De Nijlânnermolen was worked by wind until 1950, when a diesel engine was placed in De Nijlânnermolen and a new, larger, Archimedes' screw was installed. The mill was sold to the Waterschap Tusken Mar en Klif. In 1987, the mill was sold to the Workumer Molenstichting for ƒ1. The mill was restored in 1987-88 by Bouw '75 of Workum, at a cost of ƒ182,000. The restored mill was set to work again on 8 October 1988. A replacement Archimedes' screw was fitted in 2006. The mill is now owned by the Molenstichting Sûdwest Fryslân. Designated as being held i reserve, it is listed as a Rijksmonument, №39452.

==Description==

De Nijlânnermolen is what the Dutch describe as a Grondzeiler. It is a two storey smock mill on a single storey base. There is no stage, the sails reaching almost to ground level. The mill is winded by tailpole and winch. The smock and cap are thatched. The sails are Common sails. They have a span of 22.80 m. The sails are carried on a cast iron windshaft, which was cast by Gietijzerij L I Enthoven en Co., The Hague, South Holland. The windshaft carries the brake wheel which has 65 cogs. This drives the wallower (32 cogs) at the top of the upright shaft. At the bottom of the upright shaft there are two crown wheels The upper crown wheel, which has 37 cogs drives an Archimedes' screw via a crown wheel. The lower crown wheel, which has 36 cogs is carried on the axle of an Archimedes' screw, which is used to drain the polder. The Archimedes screw fitted to the mill in 2006 has a diameter of 1.40 m.

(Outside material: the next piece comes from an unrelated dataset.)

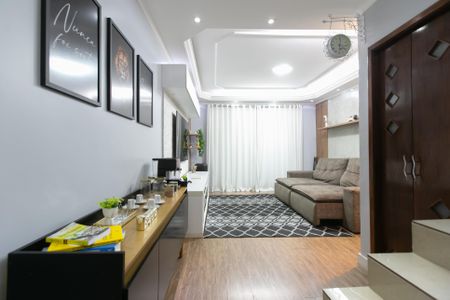 Casa à venda com 170m², 3 quartos e 2 vagasSala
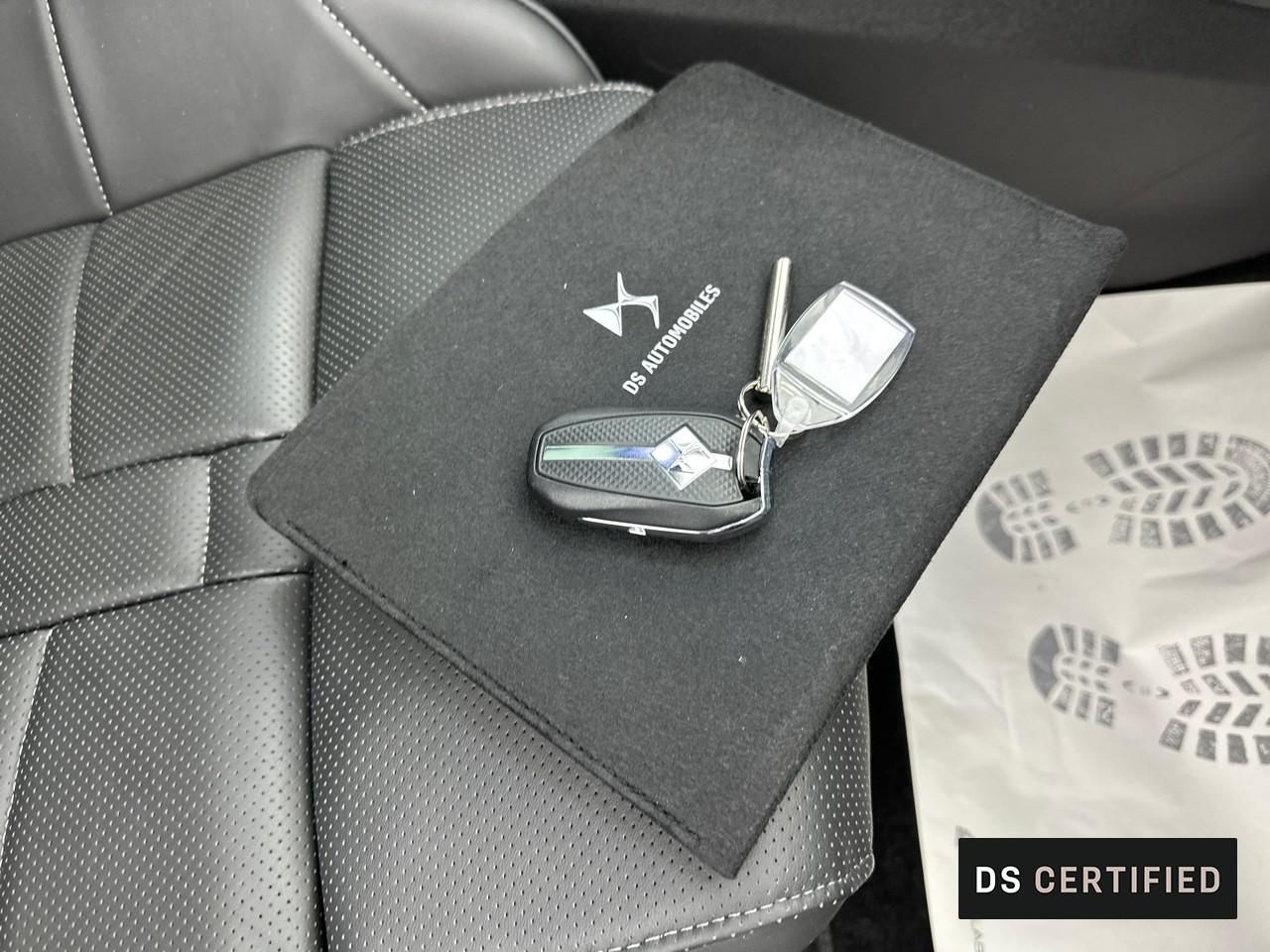 Ds Ds 7 crossback hybride rechargeable e-tense 360 eat8 4x4 performa — photo 33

This data applies to the Archimedes' screw fitted to the mill between 1950 and 2006:- The axle of the screw was 94 cm diameter and 5.94 m long. The screw was 1.80 m diameter. It was inclined at 19°. Each revolution of the screw lifted 1698 L of water.

==Public access==
De Nijlânnermolen is open on Saturdays from 09:00 to 12:00, or by appointment.